Alice consults her phone and directs them to Big Tommy’s Hotel and Gambling Hall in East Las Vegas. She’s carded before she’s allowed in and flashes her new Elizabeth Anderson DL with aplomb. As she wanders around, gawking at the roulette, craps, blackjack, and the ever-spinning Money Wheel, Billy checks around him for guys with a certain look. He doesn’t see any. Most of them out here in the boonies are moms and pops that could stand to lose a few.
He reflects again that Alice is a different girl from the one he brought in out of the pouring rain. On the way to being a better girl, and if what he’s planning goes wrong and she’s damaged more than she has been already, that’s on him. He thinks, I should just quit this shit and take her back to Colorado. Then he remembers Nick pitching him on the so-called ‘safe house,’ all the time knowing the ride to Wisconsin was going to last about six miles until Dana Edison put a bullet in his head. Nick needs to pay. And he needs to meet the real Billy Summers.

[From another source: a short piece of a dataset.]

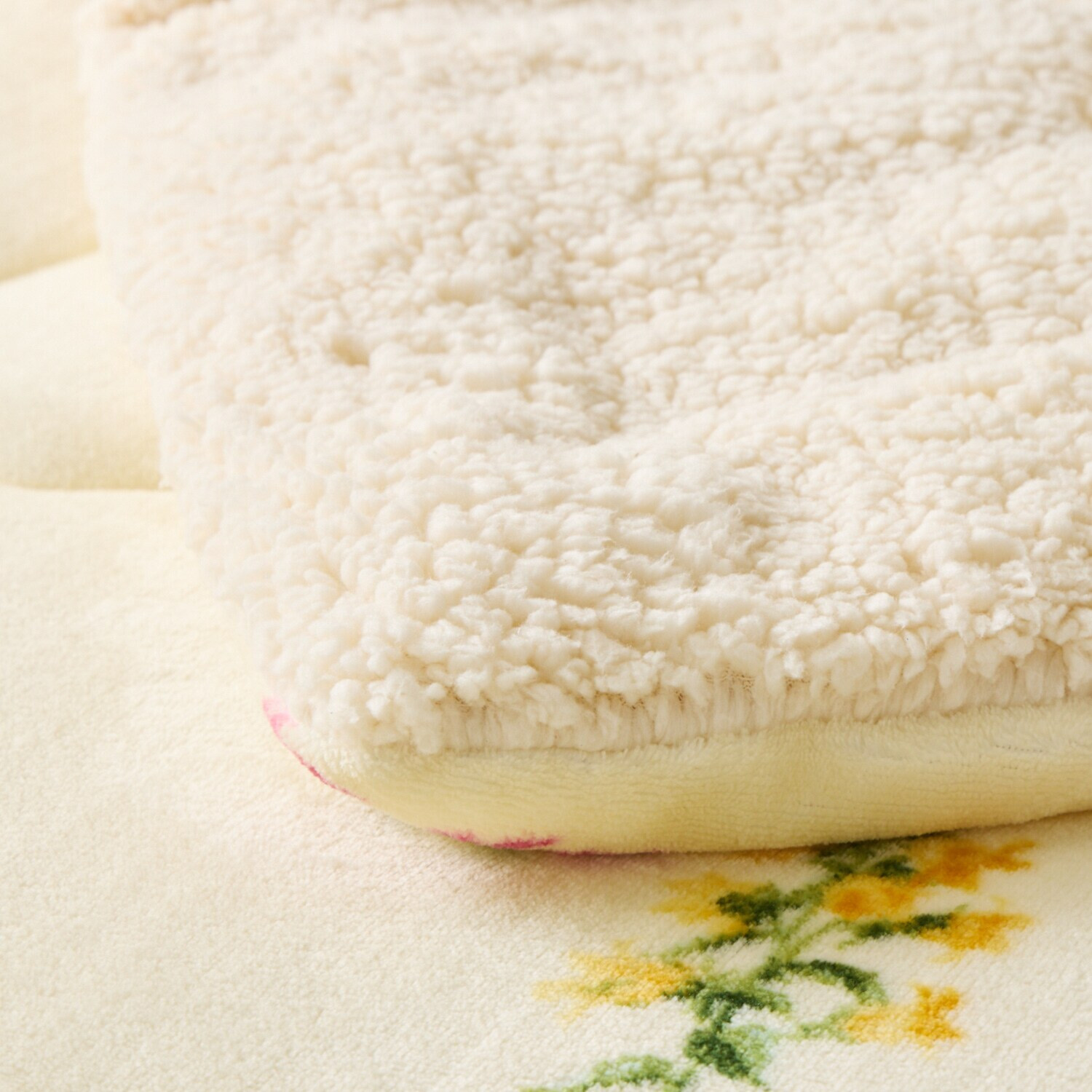 大津毛織 吸湿発熱ホットテックス 中わた入り シープ調 モコモコボリューム毛布 ＜セミダブル＞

‘It’s so noisy!’ Alice says. Her cheeks are bright and her eyes are trying to look everywhere at once. ‘What should I do?’
After checking out the roulette table, Billy guides her there and buys her fifty dollars’ worth of chips, all the while telling himself bad idea, bad idea. Her beginner’s luck is phenomenal. In ten minutes she’s up two hundred dollars and people are cheering her on. Billy doesn’t care for that, so he guides her to a bank of five-dollar slots where she spends half an hour and wins another thirty bucks. Then she turns to him and says, ‘Push the button and look, push the button and look, rinse and repeat. It’s kinda stupid, isn’t it?’
Billy shrugs but can’t help smiling. He remembers Robin Maguire saying it’s only a grin when your teeth show, and then it’s nothing else.
‘You said it, not me,’ he says. And shows his teeth.
7
After the casino they go to the Century 16 and see not one movie but two, a comedy and an action flick. When they come out of that one, it’s almost dark.
‘How about something to eat?’ Alice asks.
‘Happy to stop somewhere if you want, but I’m full of popcorn and Sour Patch Kids.’
‘Maybe just a sandwich. Want to hear something nice about my mom?’
‘Sure.’
‘Every now and then, if I was good, we’d have what she called a special day. I could have pancakes with chocolate chips for breakfast and then do almost anything I wanted, like have an egg cream at the Green Line Apothecary, or get a stuffed animal – if it was cheap – or ride the bus to the end of the line, which I liked to do. Stupid kid, huh?’
‘No,’ Billy says.
She takes his hand, natural as anything, and swings it back and forth as they walk to the truck. ‘This day has been like that. Special.’
‘Good.’
Alice turns to him. ‘You better not get killed.’ She sounds absolutely fierce. ‘You just better not.’
‘I won’t,’ Billy says. ‘Okay?’
‘Okay,’ she agrees. ‘All okay.’
8
But that night she isn’t. Billy is sleeping just below the surface of wakefulness, or he never would have heard Alice’s knock. It’s light and tentative, almost not there at all. For a moment or two he thinks it’s part of the dream he’s having, something about Shanice Ackerman, then he’s back to the motel room on the outskirts of Vegas. He gets up, goes to the door, and looks through the peephole. She’s standing there in the baggy blue pajamas she bought on her shopping trip with Bucky. Her feet are bare and her hand is at her throat and he can hear her gasping. The gasping is louder than her knock was.
He opens up, takes her by the hand that’s not clasping her throat, and leads her into the room. As he closes the door he sings, ‘If you go down to the woods today … sing it with me, Alice.’
She shakes her head and tears in another breath. ‘—can’t—’
‘Yes you can. If you go down to the woods today …’
‘You better go …’ Whoop. ‘… in dis … dis …’ Whoop!
She’s swaying on her feet, close to fainting. Billy thinks it’s a wonder she didn’t pass out in the hall.